Last week, the Center for Biological Diversity (Center) and the Sierra Club responded to a motion to dismiss lodged by defendant, the University of North Carolina Chapel Hill (UNC), in a case concerning alleged Clean Air Act (CAA) violations from two UNC-owned and operated coal-fired combustion broilers. The litigation, brought under the CAA’s citizen-suit provision, stemmed from the Center’s investigations of UNC’s Title V compliance.
According to the plaintiffs’ opposition brief, the Center undertook “two years of painstaking factual investigation,” making 25 requests for compliance and permit records regarding UNC’s Title V facilities with UNC itself and state and federal oversight authorities. The plaintiffs recounted that they were largely unsuccessful “in obtaining a panoply of requested, mandatory compliance records.”
After efforts to track down the records fizzled, the Center “concluded that the requested records were either never generated or never submitted to regulatory authorities.” In turn, the plaintiffs state that their claims are based upon the records they did receive, and “reasonable inferences” drawn from UNC’s failure to produce others. The conversation group plaintiffs seek injunctive relief and assessment of civil penalties for purported one-off and repeated violations of Title V’s pollution emissions limits, equipment inspection requirements, and record keeping mandates.
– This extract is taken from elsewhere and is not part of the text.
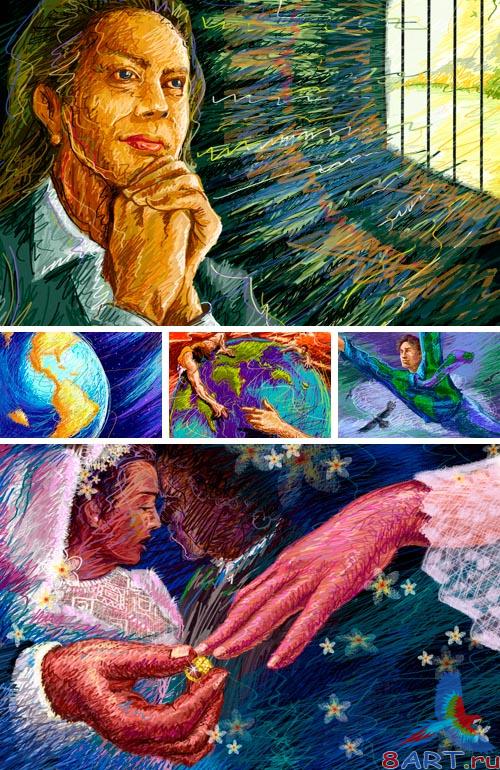 PSD Illustrations - Drawings briefly 7 PSD Illustrations - Drawings briefly 7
The plaintiffs contend that each of their ten claims are sufficiently pled and made in good faith, which they aver is enough to warrant denial of UNC’s motion. They argue that, “[w]hile styled as a motion to dismiss, Defendant in essence is asking this Court to render a decision on the merits before the parties have completed discovery.”
Relatedly, they claim that some of the defendant’s arguments are premature, and will only be ripe for disposition once they unearth more information through fact discovery. The plaintiffs’ opposition brief also points to repeated post-complaint violations admitted by UNC in its Quarterly Emissions Report for the first quarter of 2020.
This “revelation,” the plaintiffs contend, “demonstrates why all of [their] allegations of repeated violations should survive the motion to dismiss stage…” In turn, they request that the North Carolina Middle District Court deny the motion and allow the plaintiffs “to complete discovery before issuing a ruling on the merits.”
The plaintiffs are represented by lawyers from the Center for Biological Diversity and Sierra Club. The defendant is represented by Moore & Van Allen.